This document explains how to set up and run the sample video inpainting projects on our dataset, as well as how to prepare your own algorithm for DEVIL evaluation.
This section explains how to run STTN1, a project which we have modified for compatibility with our benchmark.
git submodule update --init video-inpainting-projects/STTN
cd video-inpainting-projects/STTN
# Follows setup instructions in STTN project. Refer to their instructions if these become out-of-date.
conda create -p ./env -y
conda activate ./env
conda env update -f environment.yml
wget -O checkpoints/sttn.pth https://web.eecs.umich.edu/~szetor/media/STTN/sttn.pth
The inpaint_videos.py
script is the helper script that runs video inpainting methods on our datasets.
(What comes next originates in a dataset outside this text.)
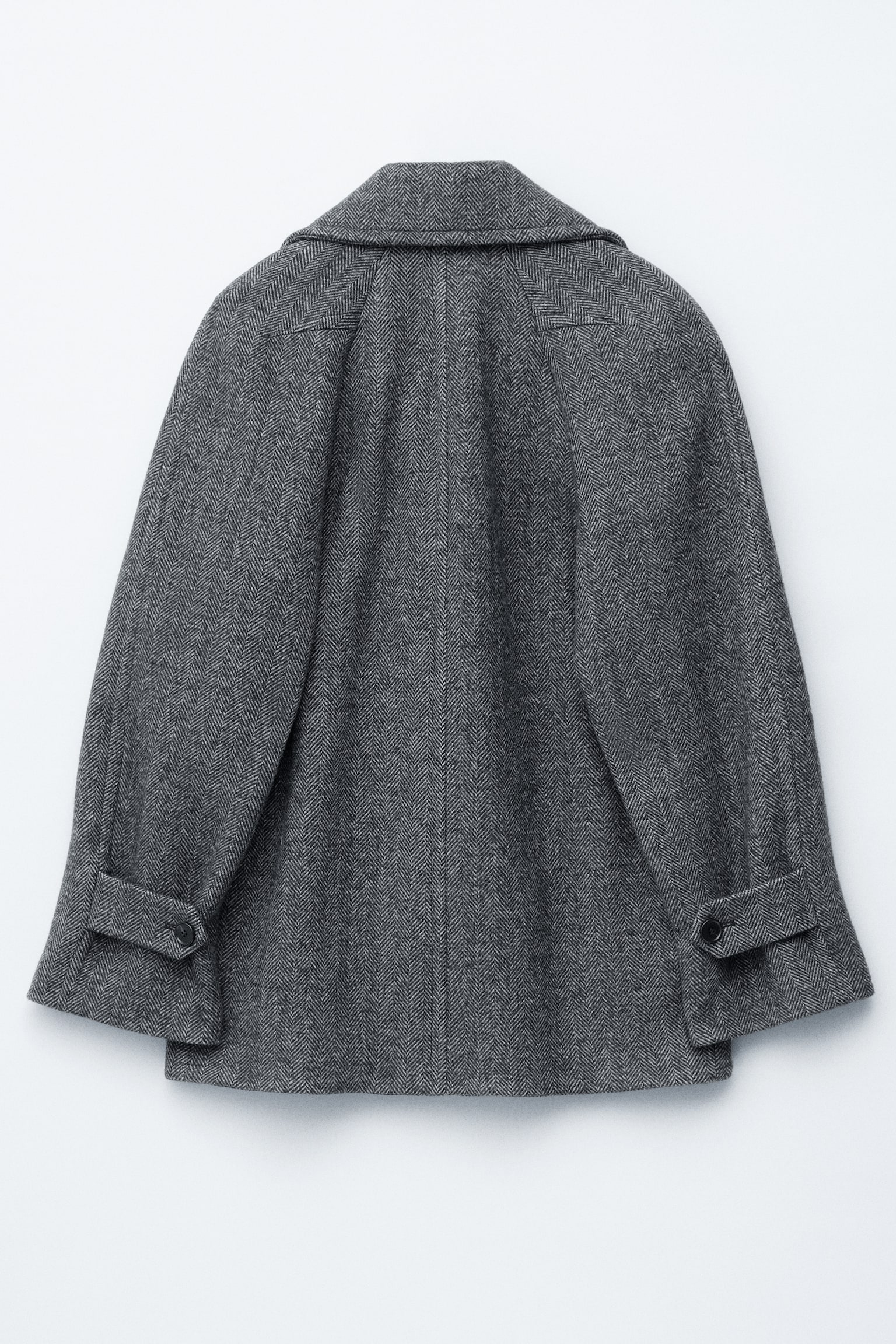 Kurzer zweireihiger Wollmantel - Dunkelgrau - 10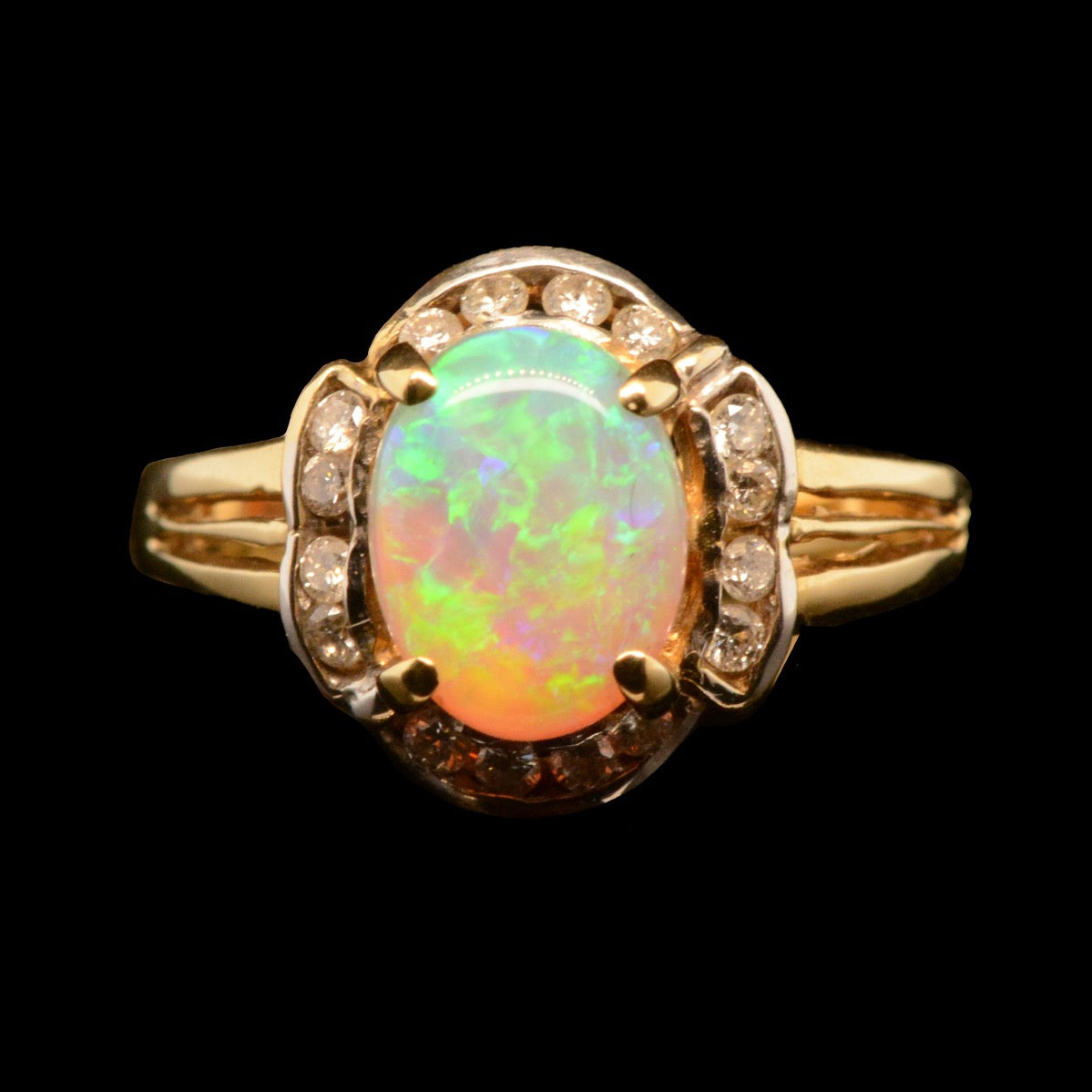 18ct Yellow Gold Solid Crystal Opal Ring (sr8048)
Below is an
example of running STTN on the fvi-fgd-h
split:
python -m src.main.inpaint_videos \
--frames_dataset_path=datasets/devil/flickr-all \
--masks_dataset_path=datasets/devil/fvi-fgd-h \
--inpainting_results_root=inpainting-results/devil/flickr-all_fvi-fgd-h/sttn \
--run_path video-inpainting-projects/STTN/devil-run.sh \
--image_size_divisor 432 240
For more details on this script's arguments, run python -m src.main.inpaint_videos -h
.
NOTE: The commands in this section should be run from the slurm
directory.
We have included meta helper scripts to run inpaint_videos.py
in a less verbose manner. It also supports the Slurm job
scheduler.
Below is an example of running the inpainting meta scripts with STTN on the fvi-fgd-h
DEVIL split:
python submit-inpaint-videos.py sttn flickr-all fvi-fgd-h -m local
Environment variables can be passed in as string pairs with the -e
flag. The following example runs inpainting with a
custom scratch storage location (i.e., where intermediate inpainting data is stored):
python submit-inpaint-videos.py sttn flickr-all fvi-fgd-h -m local -e TEMP_ROOT /tmp/$USER
To launch a job on a Slurm cluster, remove the -m local
flag:
python submit-inpaint-videos.py sttn flickr-all fvi-fgd-h
sbatch
arguments can be passed in as string pairs with the -s
flag. This illustrative example runs inpainting on a
custom partition:
python submit-inpaint-videos.py sttn flickr-all fvi-fgd-h -s partition my-partition
If necessary, the -s
and -e
flags can be used at the same time.
The DEVIL benchmark processes data in a very particular manner to ensure fair comparisons across different inpainting methods. For this reason, we highly suggest using our helper scripts to run your method for DEVIL evaluation. This section covers what you need to do to properly run your method with our helper scripts.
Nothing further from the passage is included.